WHAT IS REQUIRED:
Output, exactly as written, the lines below starting at the line containing "For Apple Watch" and ending at the line containing "for Panerai 24mm". Drop the pictures and keep both end lines.

INFORMATION:
=-=-=-=-=

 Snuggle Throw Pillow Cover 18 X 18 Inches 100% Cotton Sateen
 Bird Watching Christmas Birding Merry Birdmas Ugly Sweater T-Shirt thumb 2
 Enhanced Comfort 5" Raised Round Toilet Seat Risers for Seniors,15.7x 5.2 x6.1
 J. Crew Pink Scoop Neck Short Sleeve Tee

=-=-=-=-=

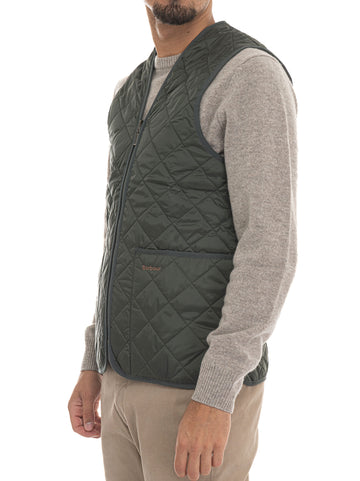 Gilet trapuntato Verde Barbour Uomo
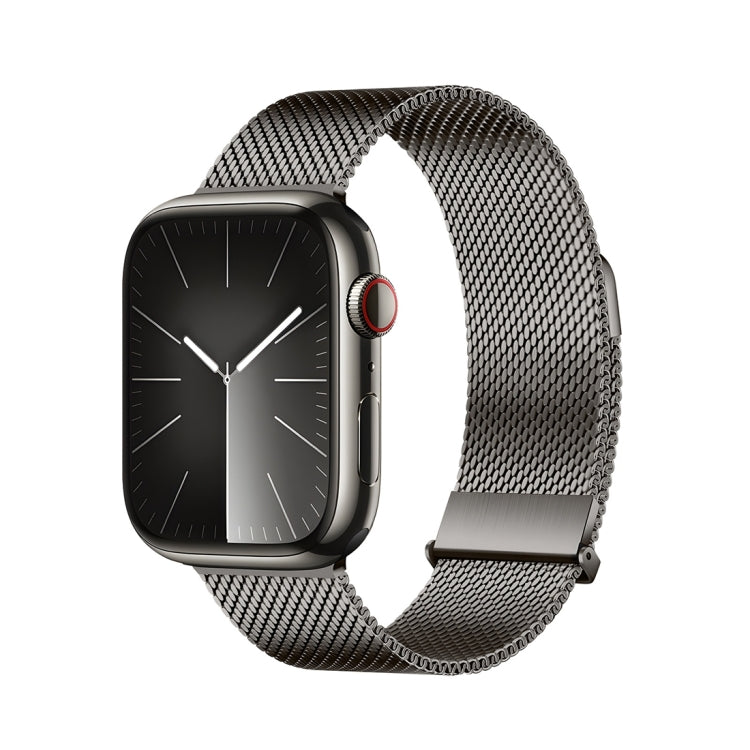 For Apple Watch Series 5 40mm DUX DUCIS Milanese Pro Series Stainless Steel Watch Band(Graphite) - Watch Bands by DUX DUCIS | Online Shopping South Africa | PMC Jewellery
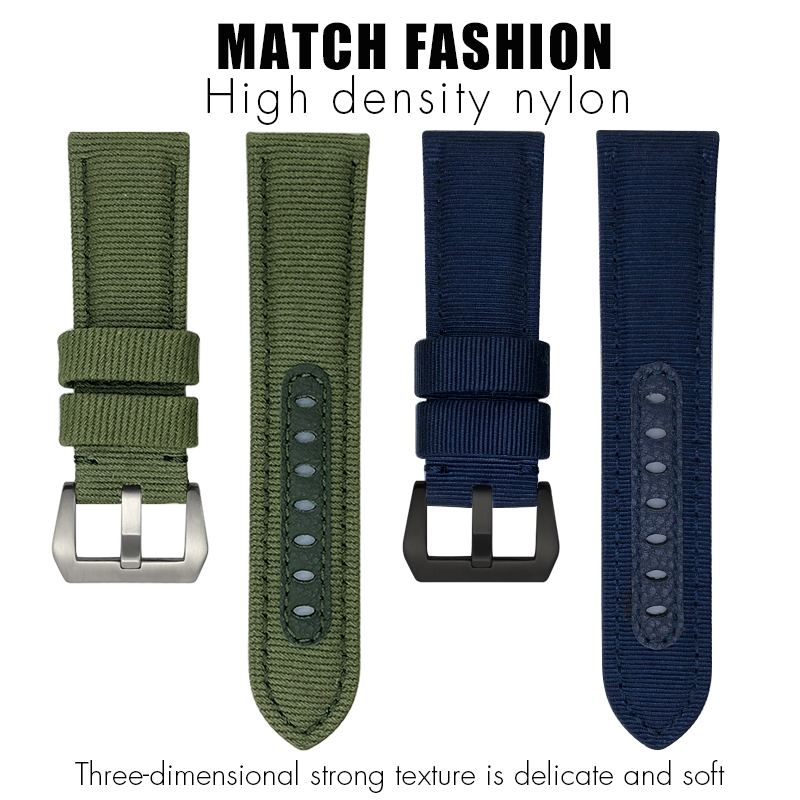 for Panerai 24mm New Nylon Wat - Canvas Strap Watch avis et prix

=-=-=-=-=

RESPONSE:
 For Apple Watch Series 5 40mm DUX DUCIS Milanese Pro Series Stainless Steel Watch Band(Graphite) - Watch Bands by DUX DUCIS | Online Shopping South Africa | PMC Jewellery
 for Panerai 24mm New Nylon Wat - Canvas Strap Watch avis et prix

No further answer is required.